Rosemary Roasted Potatoes and Asparagus Recipe
- 1/2 pound fingerling potatoes, cut into 1-inch pieces
- 1/4 cup olive oil, divided
- 2 tablespoons minced fresh rosemary or 2 teaspoons dried rosemary, crushed
- 2 garlic cloves, minced
- 1 pound fresh asparagus, trimmed
- 1/4 teaspoon salt
- 1/4 teaspoon freshly ground pepper
- 1. In a small bowl, combine the potatoes, 2 tablespoons oil, rosemary and garlic; toss to coat. Transfer to a greased 15-in. x 10-in. x 1-in. baking pan. Roast at 400° for 20 minutes, stirring once.
- 2. Drizzle asparagus with remaining oil; add to the pan.

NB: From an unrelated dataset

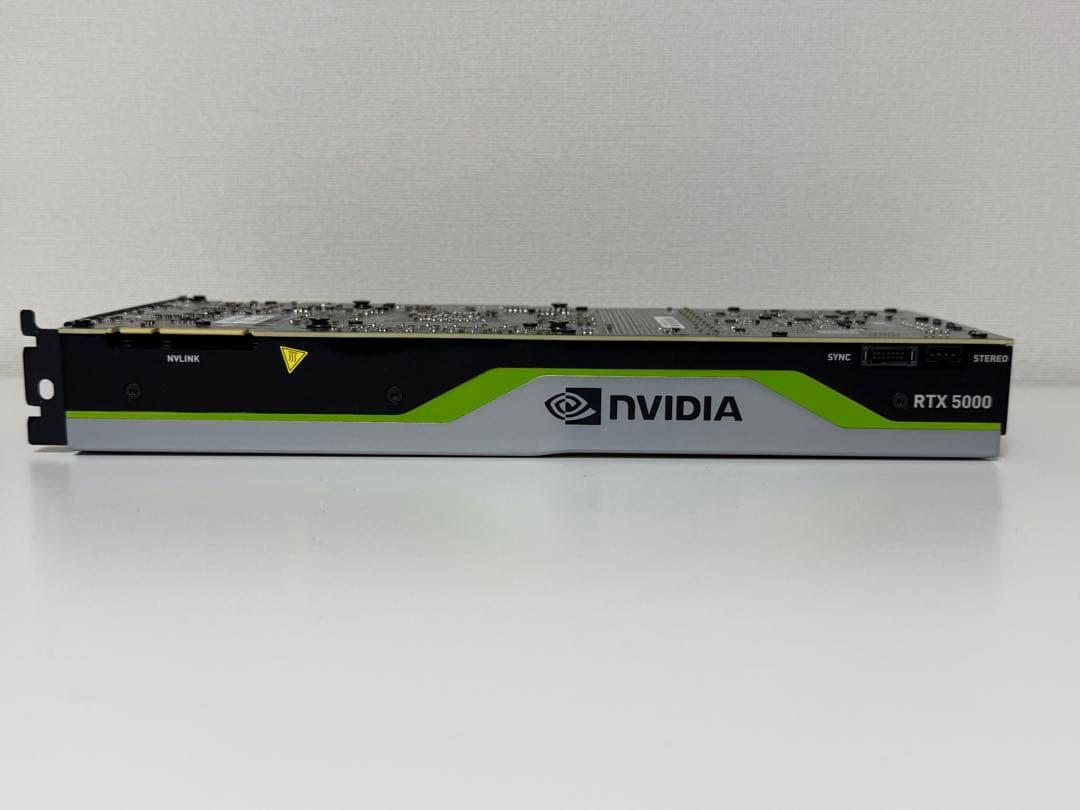 NVIDIA QUADRO RTX 5000 16GB AIグラフィック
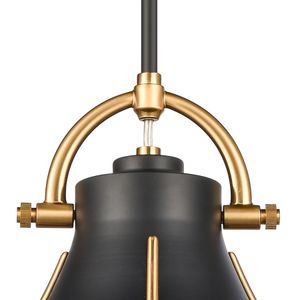 Urbanite 9'' Wide 1-Light Mini Pendant - Matte Black 3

Roast 15-20 minutes longer or until vegetables are tender, stirring occasionally. Sprinkle with salt and pepper. Yield: 4 servings.
1 serving equals 175 calories, 14 g fat (2 g saturated fat), 0 cholesterol, 156 mg sodium, 11 g carbohydrate, 2 g fiber, 3 g protein. Diabetic Exchanges: 3 fat, 1 vegetable, 1/2 starch.